Now, in 2022, the museum has announced that a seemingly miraculous 3,823 butterflies were counted during their seasonal migration. And across the entire West Coast, more than 247,000 monarchs have been spotted, a number not seen since 2016.
The incredible comeback has experts baffled and conservationists in awe. And while the reason behind it remains somewhat of a mystery, it’s a testament to the huge positive impact to be had when nature’s timing is combined with collective human effort.
Back in late July 2022, the monarch butterfly was declared endangered, with scientists estimating a drop in population somewhere between 20% and 90% over the last several decades.

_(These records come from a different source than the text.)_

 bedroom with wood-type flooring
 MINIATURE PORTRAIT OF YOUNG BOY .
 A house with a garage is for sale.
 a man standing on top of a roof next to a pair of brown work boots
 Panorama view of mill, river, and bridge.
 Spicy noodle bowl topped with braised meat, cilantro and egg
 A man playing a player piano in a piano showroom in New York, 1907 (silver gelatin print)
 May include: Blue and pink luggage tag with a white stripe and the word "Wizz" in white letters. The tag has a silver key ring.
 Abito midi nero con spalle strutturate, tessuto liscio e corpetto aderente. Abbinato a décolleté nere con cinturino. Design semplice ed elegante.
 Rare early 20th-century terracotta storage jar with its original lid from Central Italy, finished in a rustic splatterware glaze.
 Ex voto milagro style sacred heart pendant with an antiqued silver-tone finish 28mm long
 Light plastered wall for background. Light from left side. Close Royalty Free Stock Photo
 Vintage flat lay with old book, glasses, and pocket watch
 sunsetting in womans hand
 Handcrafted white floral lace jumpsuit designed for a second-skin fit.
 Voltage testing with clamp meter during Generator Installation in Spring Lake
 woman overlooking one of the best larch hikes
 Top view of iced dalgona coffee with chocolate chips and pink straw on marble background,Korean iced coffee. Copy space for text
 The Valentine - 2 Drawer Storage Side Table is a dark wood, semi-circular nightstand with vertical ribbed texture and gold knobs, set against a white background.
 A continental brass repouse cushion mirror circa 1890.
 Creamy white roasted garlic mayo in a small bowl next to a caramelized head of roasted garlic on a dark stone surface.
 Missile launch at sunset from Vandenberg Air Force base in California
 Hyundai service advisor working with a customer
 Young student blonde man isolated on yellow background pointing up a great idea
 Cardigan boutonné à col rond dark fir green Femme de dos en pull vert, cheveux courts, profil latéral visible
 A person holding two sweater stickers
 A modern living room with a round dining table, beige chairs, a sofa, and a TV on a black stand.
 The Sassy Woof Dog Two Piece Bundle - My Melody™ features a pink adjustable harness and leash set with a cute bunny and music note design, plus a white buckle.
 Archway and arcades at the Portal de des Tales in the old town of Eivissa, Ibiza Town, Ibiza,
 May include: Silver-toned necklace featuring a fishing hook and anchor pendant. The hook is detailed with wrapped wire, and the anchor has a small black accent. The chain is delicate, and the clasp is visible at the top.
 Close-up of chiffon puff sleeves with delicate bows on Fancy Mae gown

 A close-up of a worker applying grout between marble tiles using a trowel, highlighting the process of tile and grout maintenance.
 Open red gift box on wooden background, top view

Normally, as temperatures cool during winter, thousands—and before 1990, millions—of amber-colored wings can be seen fluttering across the sky as the insects travel thousands of miles across North America to California and Mexico. Along the way, they’ll lay their eggs in milkweed plants, which is the only thing that monarch caterpillars will eat (yes, even babies of the animal kingdom are picky eaters). The relationship between milkweeds and monarchs is so integral that another name for a monarch is the “milkweed butterfly.”
However, milkweed has been rapidly disappearing since the 1990s, namely due to the use of herbicides. This, coupled with climate change leading to overwintering—meaning that the butterflies delay reproduction to survive winter—results in the abysmal amount of sightings in 2020. Yet still, this year saw a 35% increase.
The reason behind such a big population boom almost seems like divine intervention. So many things had to line up that, in an interview with PBS, Louie Yang, insect ecologist at University of California, Davis, attributed the surge to a “series of fortunate events.” One of those events was that temperatures and rainfall levels were at just the rights levels at the right time, leading to more milkweed blooms just as surviving monarchs reemerged from overwintering.
Some experts even speculate that the miracle might have been born out of catastrophe. Pacific Grove park docent and retired entomologist Paul Meredith suggested to PBS that 2019’s wildfires prepared the ground for an “extraordinary wildflower season,” thus giving a boost to migrating adult monarchs this season.
While the reason behind the recent butterfly increase has yet to be thoroughly researched, there are definitive ways to help. As KSBW reports, this includes planting native milkweeds about 5-10 miles from an overwintering site, planting native nectar plants (which adult monarchs eat) and refraining from pesticide use. In addition, it’s crucial to support legislation that protects habitats for monarch butterflies and other pollinators.
Monarchs aren’t the only butterflies to make a resurgence thanks to conservation efforts. In the U.K., 750 large blue butterflies were discovered in August 2020 after being declared extinct in Britain in 1979. Again, it took recovering a natural habitat and food source—these British butterflies appropriately required thyme and marjoram, rather than milkweed. They also prefer tea to coffee, so I’m told.
This bit of good news is certainly worth sharing, and hopefully with awareness we can all help these gorgeous creatures spread their wings.